STUDY MATERIAL
- - -

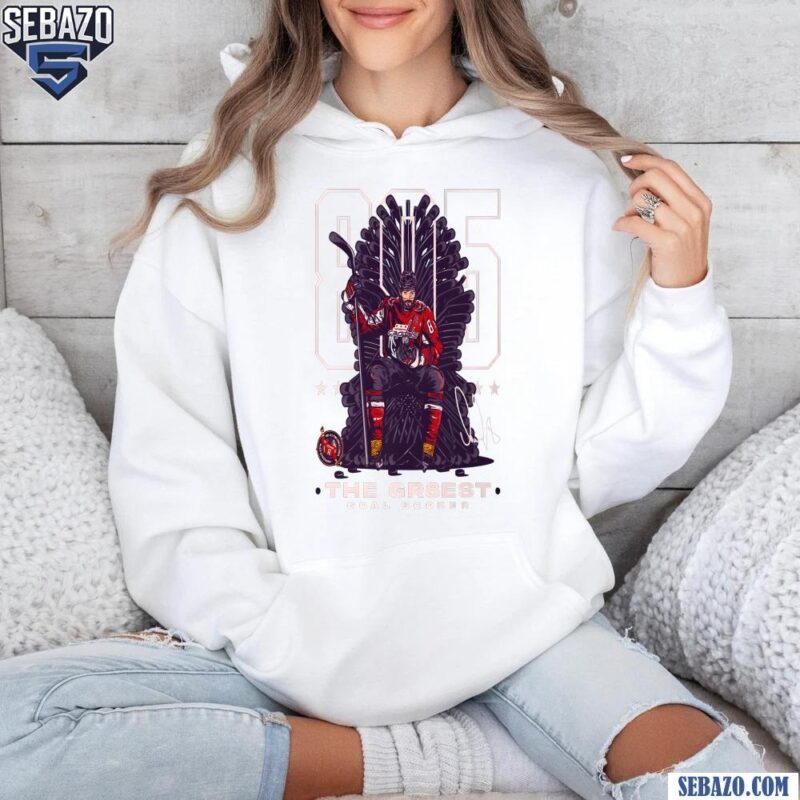 Alex Ovechkin 895 Career Goals Throne Shirt hoodie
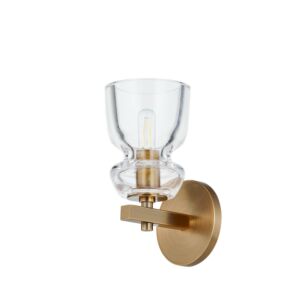 Trey 1-Light Wall Sconce in Patina Brass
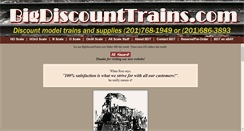Desktop Screenshot of bigdiscounttrains.com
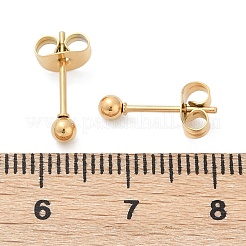Ohrstecker aus Ionenplattierung (IP) 304 Edelstahl&nbsp;EJEW-L215-57A-G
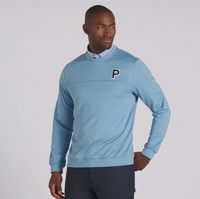 Puma CLOUDSPUN Patch Crewneck Golf Sweater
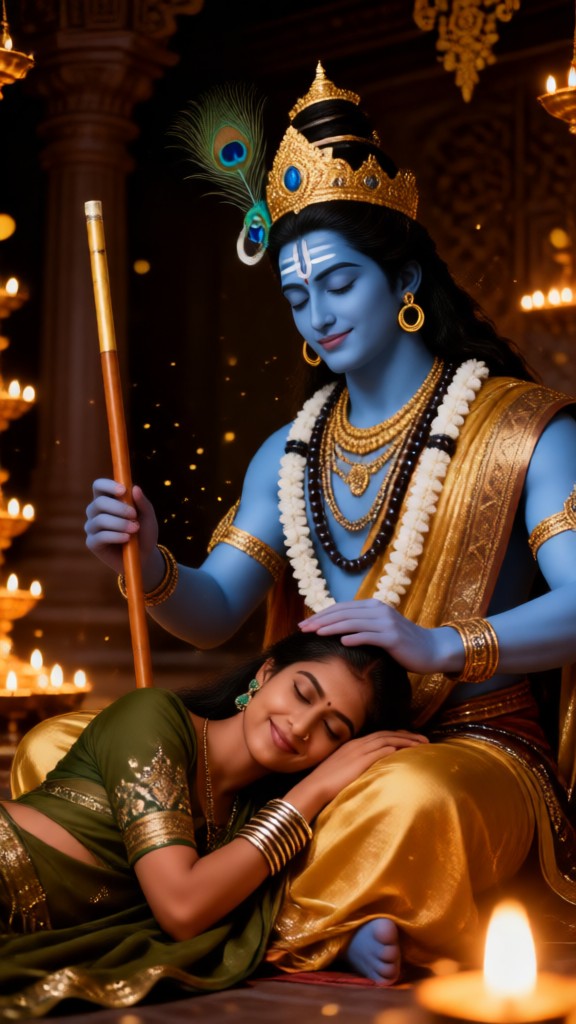 Blessings of Lord Krishna image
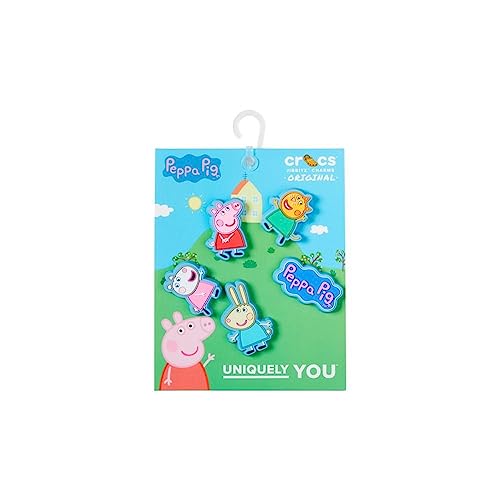Image of Crocs Jibbitz Characters Peppa Pig 5-Pack One Size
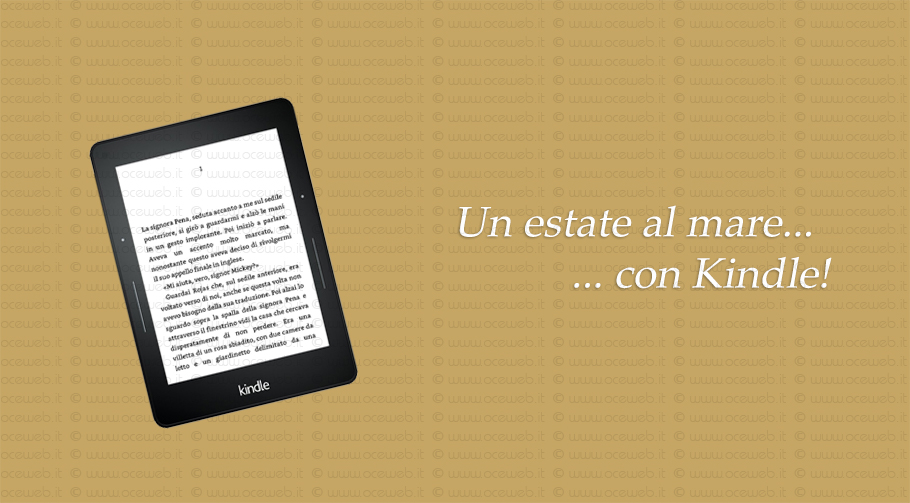 Un’estate al mare… con Kindle!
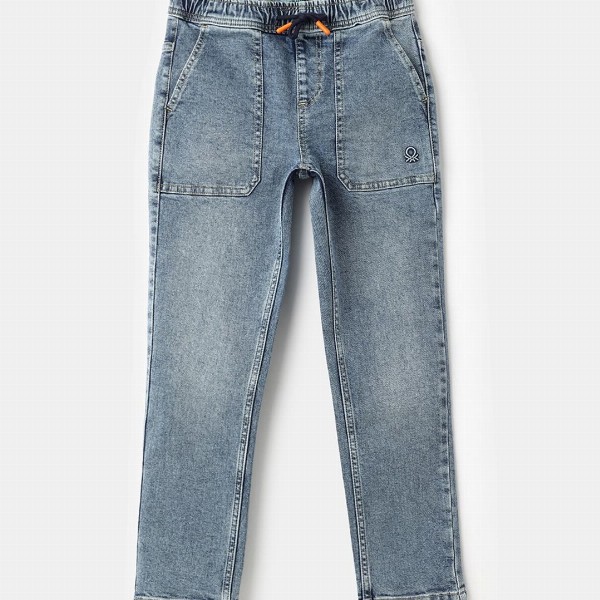United Colors of Benetton Boys Regular Fit Mid-Rise Heavy Fade Jeans
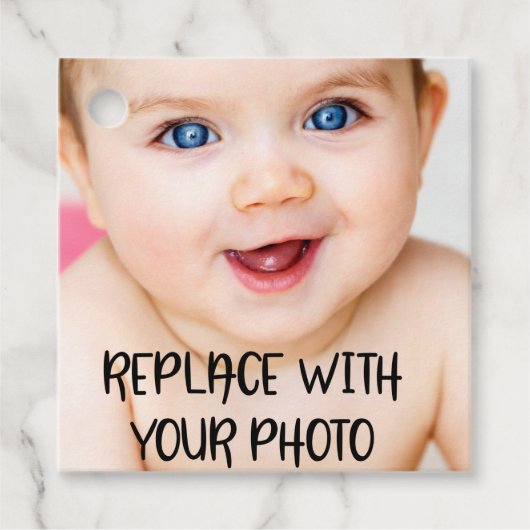 Eenvoudig ontwerp uw eigen unieke, persoonlijke bedankjes labels (Voorkant)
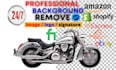 remove background 500 images in white or transparent  2 hrs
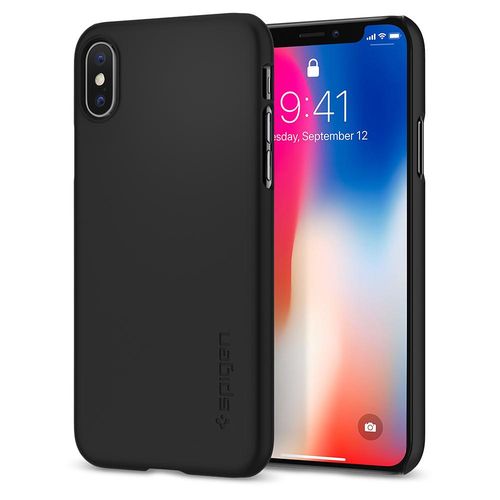SPIGEN THIN FIT Apple iPhone X - BLACK +szkło na Arena.pl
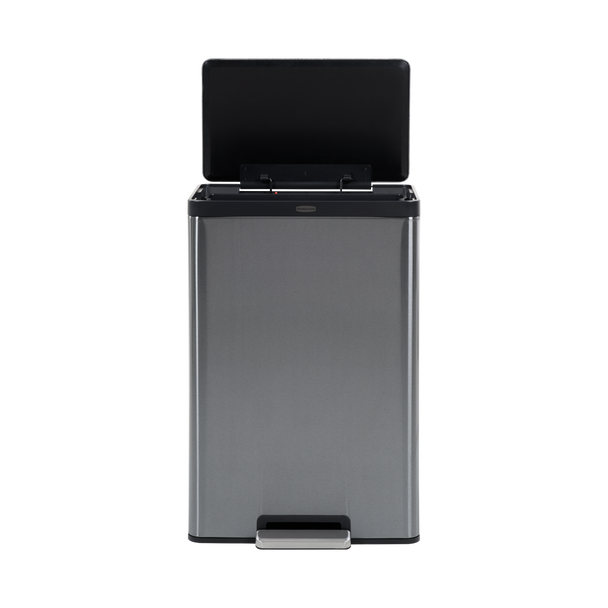 Image of the Front of the Rubbermaid Elite Pedal Bin with it's Lid Open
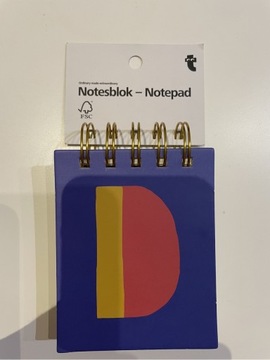 Nowy nieużywany Notesblok - notepad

- - -

ABOUT THIS TASK
Would you please give the material above again, unchanged but without pictures?

ANSWER FOR THE TASK
 Alex Ovechkin 895 Career Goals Throne Shirt hoodie
 Trey 1-Light Wall Sconce in Patina Brass
Desktop Screenshot of bigdiscounttrains.com
Ohrstecker aus Ionenplattierung (IP) 304 Edelstahl&nbsp;EJEW-L215-57A-G
 Puma CLOUDSPUN Patch Crewneck Golf Sweater
 Blessings of Lord Krishna image
Image of Crocs Jibbitz Characters Peppa Pig 5-Pack One Size
 Un’estate al mare… con Kindle!
United Colors of Benetton Boys Regular Fit Mid-Rise Heavy Fade Jeans
 Eenvoudig ontwerp uw eigen unieke, persoonlijke bedankjes labels (Voorkant)
 remove background 500 images in white or transparent  2 hrs
SPIGEN THIN FIT Apple iPhone X - BLACK +szkło na Arena.pl
 Image of the Front of the Rubbermaid Elite Pedal Bin with it's Lid Open
 Nowy nieużywany Notesblok - notepad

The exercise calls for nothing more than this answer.